Come funziona REST e quando è ancora la scelta giusta
REST, acronimo di Representational State Transfer, è uno degli stili architetturali più diffusi per la progettazione delle API web. Introdotto nei primi anni 2000, ha conquistato il panorama dello sviluppo grazie alla sua semplicità, alla chiarezza dei concetti e all’integrazione nativa con il protocollo HTTP.
Il principio fondamentale di REST è che ogni risorsa (ad esempio utenti, prodotti, ordini…) venga identificata da un URI univoco (es. /users/123) e che le operazioni su queste risorse vengano gestite tramite i metodi standard di HTTP:
- GET per leggere,
- POST per creare,
- PUT o PATCH per aggiornare,
- DELETE per eliminare.
Inoltre, le comunicazioni REST sono stateless: ogni richiesta contiene tutte le informazioni necessarie per essere eseguita e non dipende da chiamate precedenti. Questo significa che il server non mantiene uno “stato” tra una richiesta e l’altra, facilitando la scalabilità e la cacheabilità.

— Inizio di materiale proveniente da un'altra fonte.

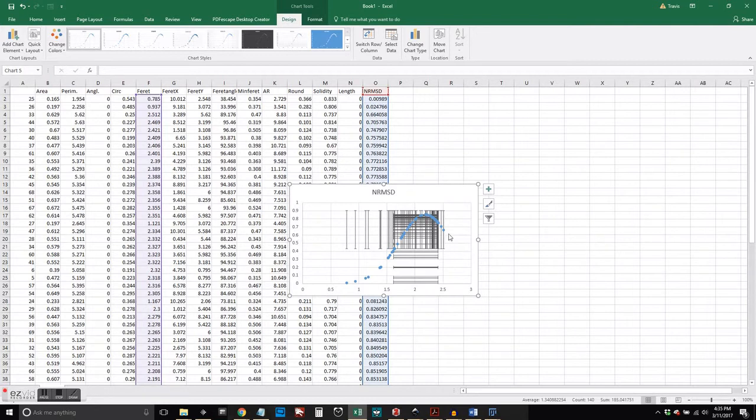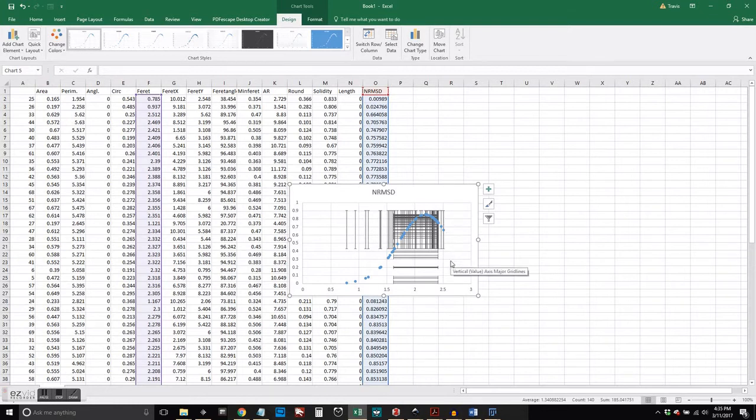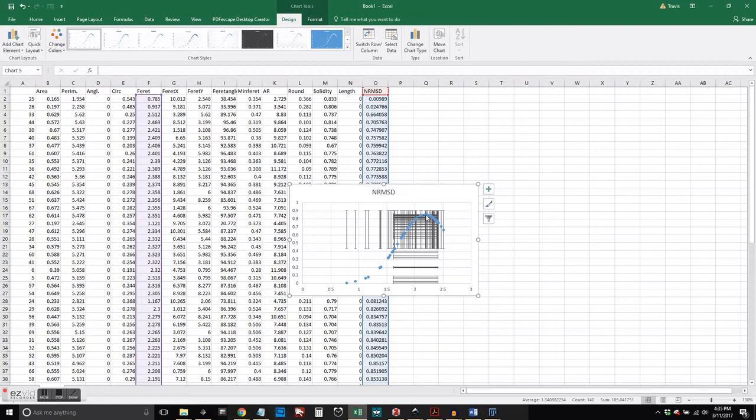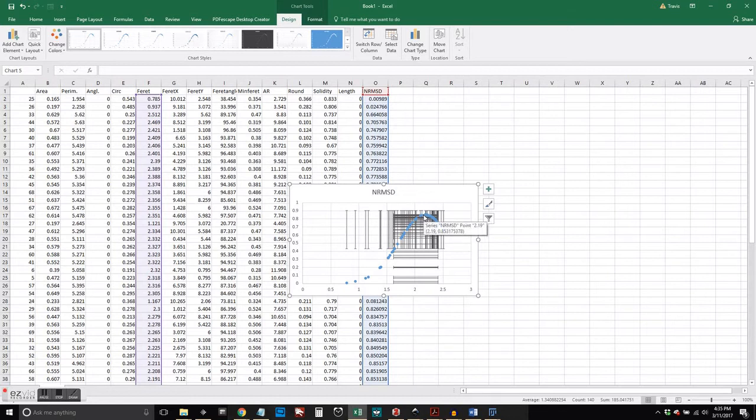And the standard deviation here is telling us that most of the data, or most of the nails, are going to be a little over 1.5 inches and a little under 2.5 inches, according to this data.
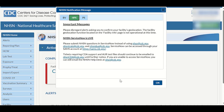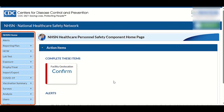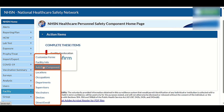A pop-up will appear for notification messages — click OK and the pop-up will disappear. On the NHSN home page, in the NHSN home menu on the left side of the screen, click Facility to expand the facility menu, then select Add/Edit Component from the menu to display the Edit Facility Information page.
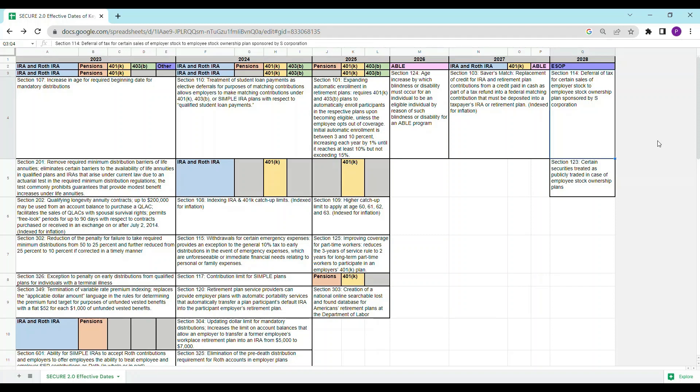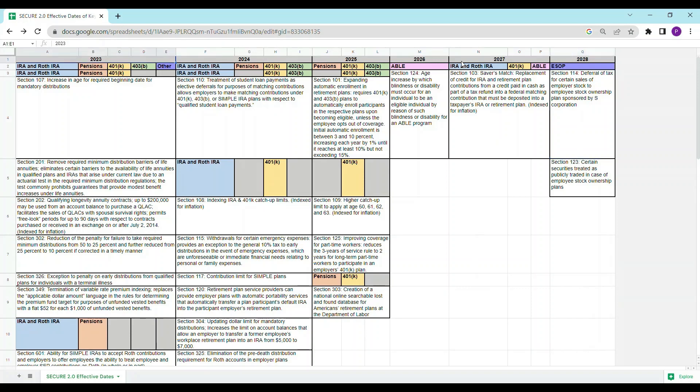The provisions of the SECURE 2.0 Act become effective over the next five years, and this chart is a visual overview of the effective dates of the key provisions of the Act. The provisions are divided by the year in which the provision becomes effective, beginning in 2023 and going through 2028.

Quando REST è la scelta ideale
REST è ancora oggi la soluzione perfetta in moltissimi casi. In particolare, si rivela estremamente efficace quando si lavora in contesti CRUD, cioè quando l’interazione con le risorse avviene principalmente attraverso operazioni di creazione, lettura, modifica e cancellazione.
È la scelta più indicata quando:
- La struttura dei dati è stabile, quindi non c’è bisogno di adattare frequentemente le risposte.
- L’interfaccia client è semplice o tradizionale (es. una web app con pagine statiche o poco dinamiche).
- Serve compatibilità ampia, ad esempio se il sistema deve dialogare con altri software legacy, browser diversi o strumenti terzi.
- Si vogliono sfruttare funzionalità native di HTTP, come il caching delle risposte, l’autenticazione base, la compressione o il versionamento tramite URI (/v1/products).
REST è anche altamente documentabile e ben supportato da strumenti come Postman, Swagger (OpenAPI), e client HTTP di ogni genere, semplificando il lavoro anche per team eterogenei.
I limiti di REST nei progetti più moderni
Tuttavia, man mano che le applicazioni diventano più dinamiche — ad esempio Single Page Application (SPA) o mobile app con molte viste personalizzate — REST può iniziare a mostrare il fianco. In questi casi, le necessità cambiano:
- Il frontend ha bisogno di aggregare dati provenienti da più risorse per costruire una singola vista (es. per mostrare profilo utente, notifiche e prodotti preferiti nella stessa pagina). In REST, questo può richiedere più richieste consecutive.
- Si verificano frequentemente fenomeni di overfetching (l’API restituisce più dati del necessario perché non è possibile richiedere solo ciò che serve) o underfetching (il client riceve meno dati del necessario e deve fare ulteriori richieste).
- L’evoluzione parallela di frontend e backend diventa più difficile da gestire: ogni modifica nel modello dati può richiedere aggiustamenti in diverse parti dell’applicazione, aumentando il rischio di bug e la complessità della manutenzione.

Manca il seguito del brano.